Records from a collection:
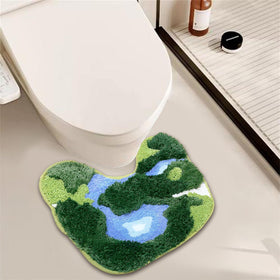 THRILRUG Moss U-shaped toilet mat adds warmth and stylish texture.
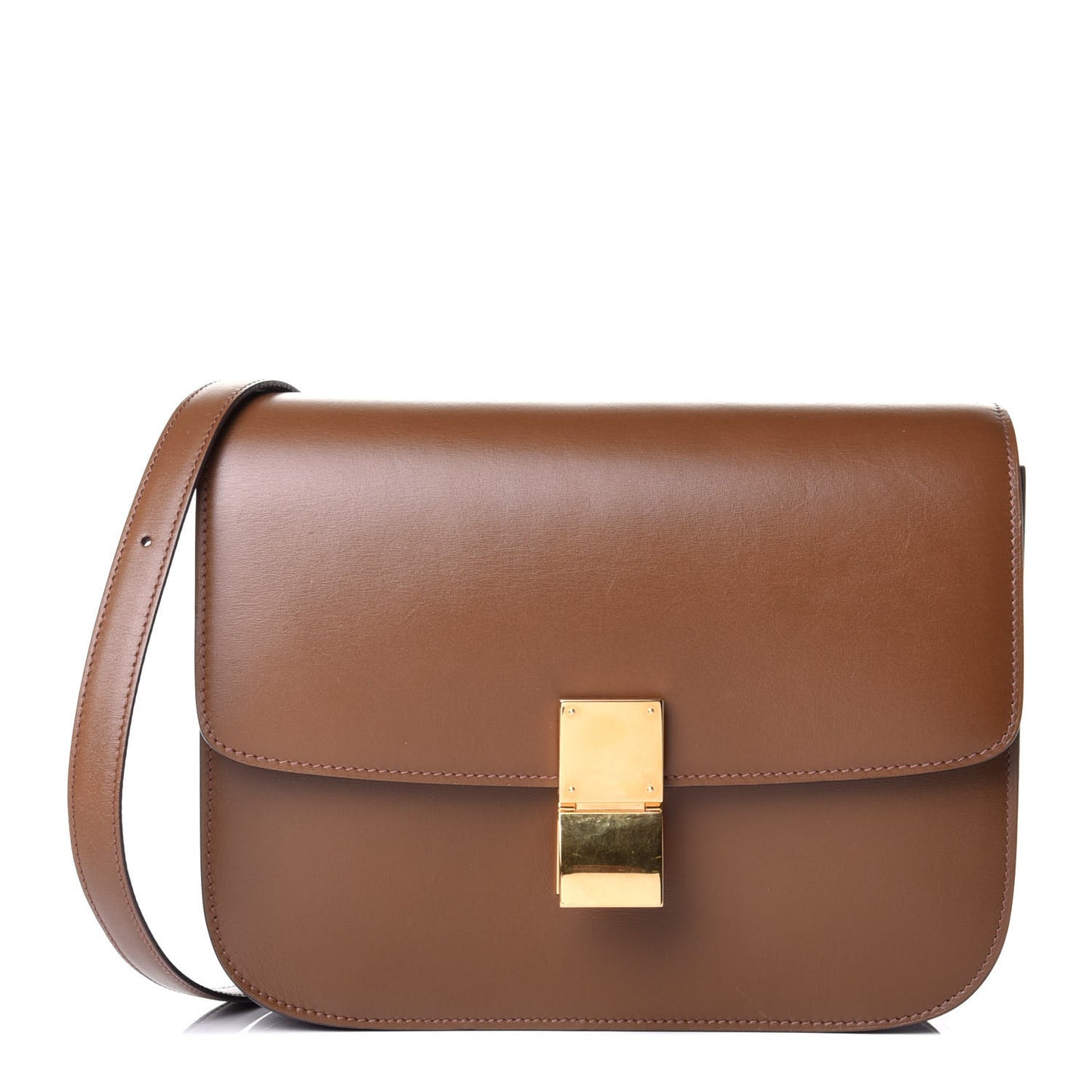 Box Calfskin Medium Classic Box Flap Bag Camel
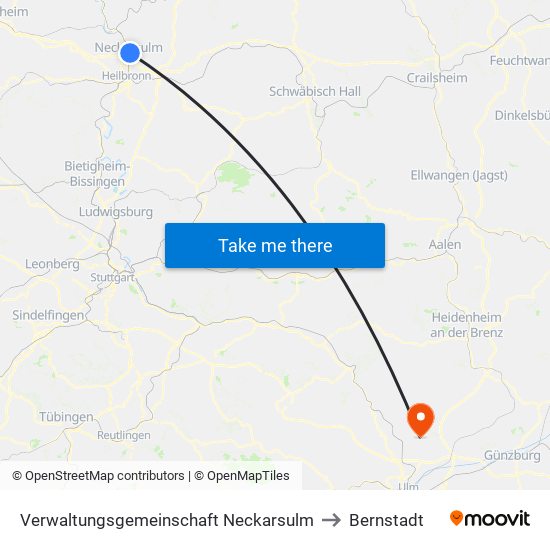 Verwaltungsgemeinschaft Neckarsulm to Bernstadt map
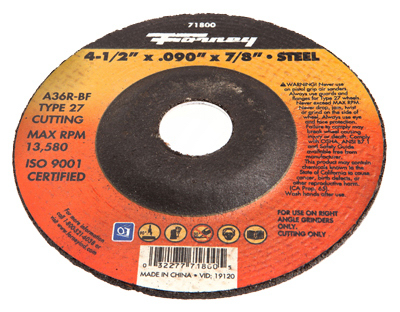 Cutting Wheel, Type 27, 4.5 x .090-In.
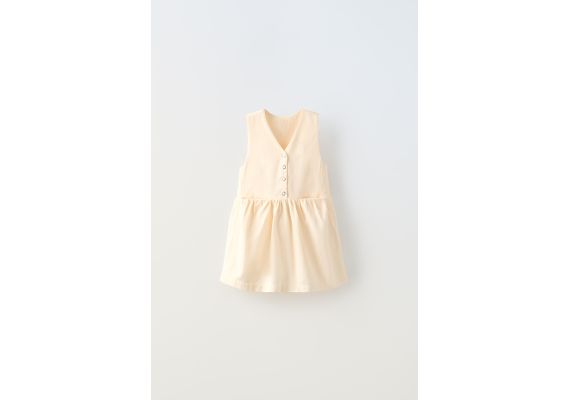 Zara Платье с открытыми плечами и застежками , Цвет: Бежевый, Размер: 1½ лет (86 см), изображение 2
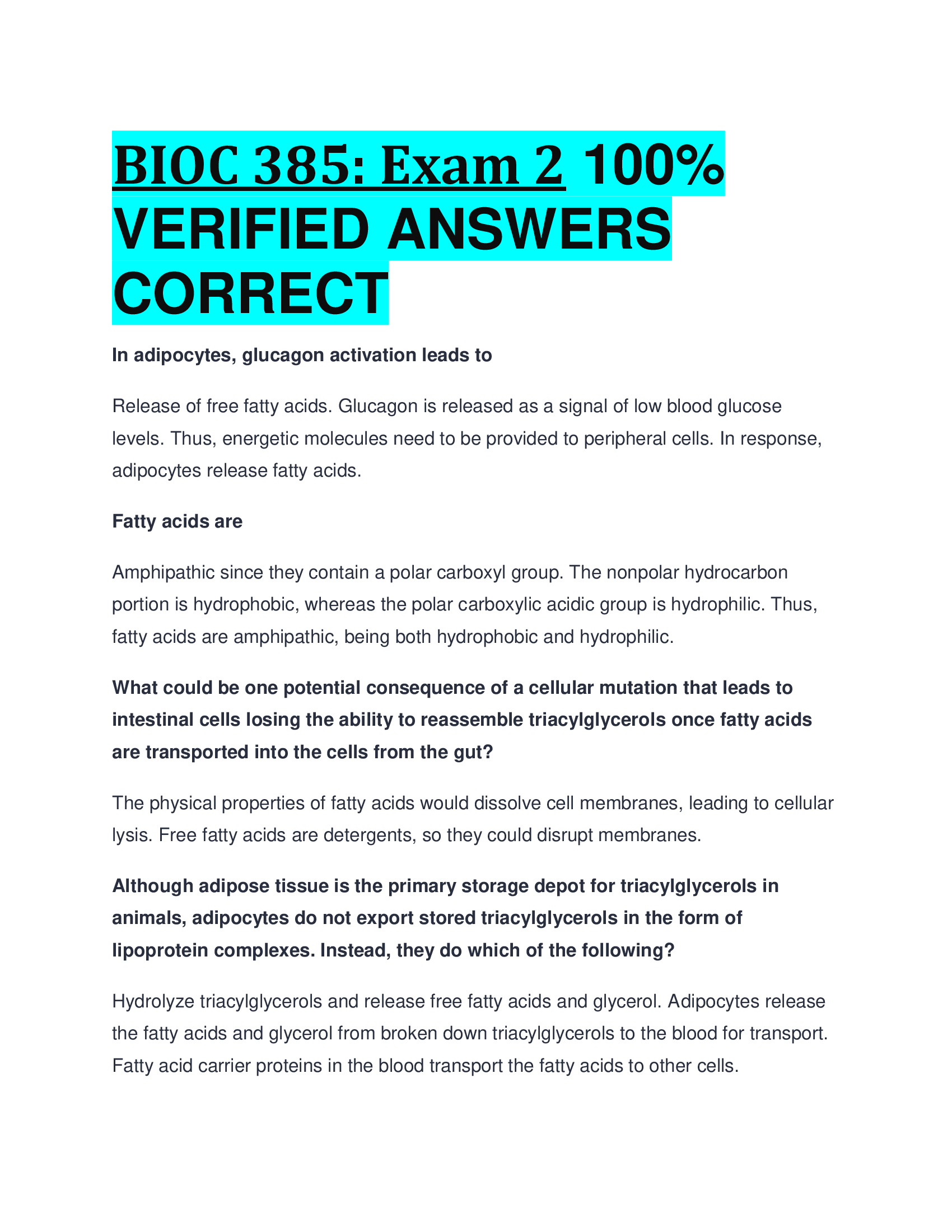 BIOC 385: Exam 2 VERIFIED ANSWERS  CORRECT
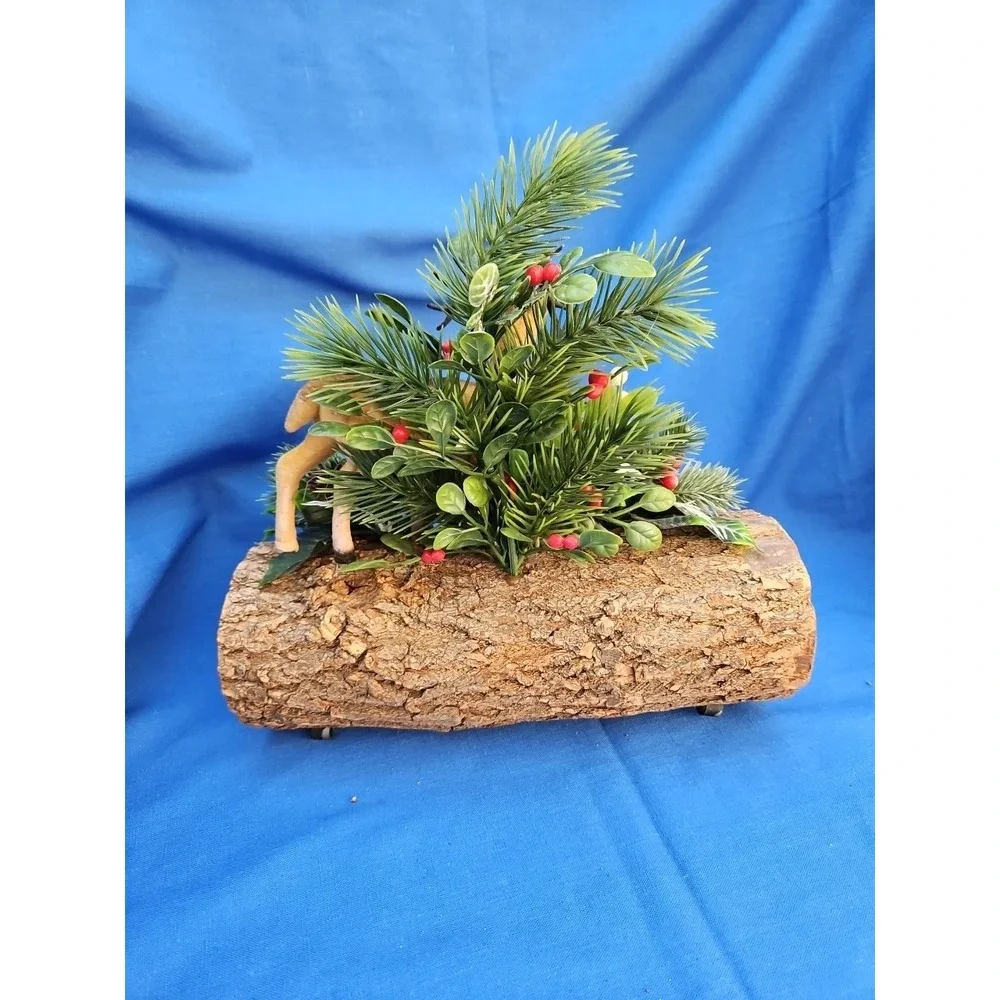 Christmas Reindeer Yule Tide Log Centerpiece Flocked Plastic Poinsettia 10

**Problem**
Leave every picture out and retype exactly the lines of the records above from the one holding "Cutting Wheel, Type 27, 4.5 x .090-In." through the last, both ends included and nothing besides.

**Task answer**
 Cutting Wheel, Type 27, 4.5 x .090-In.
 Zara Платье с открытыми плечами и застежками , Цвет: Бежевый, Размер: 1½ лет (86 см), изображение 2
 BIOC 385: Exam 2 VERIFIED ANSWERS  CORRECT
 Christmas Reindeer Yule Tide Log Centerpiece Flocked Plastic Poinsettia 10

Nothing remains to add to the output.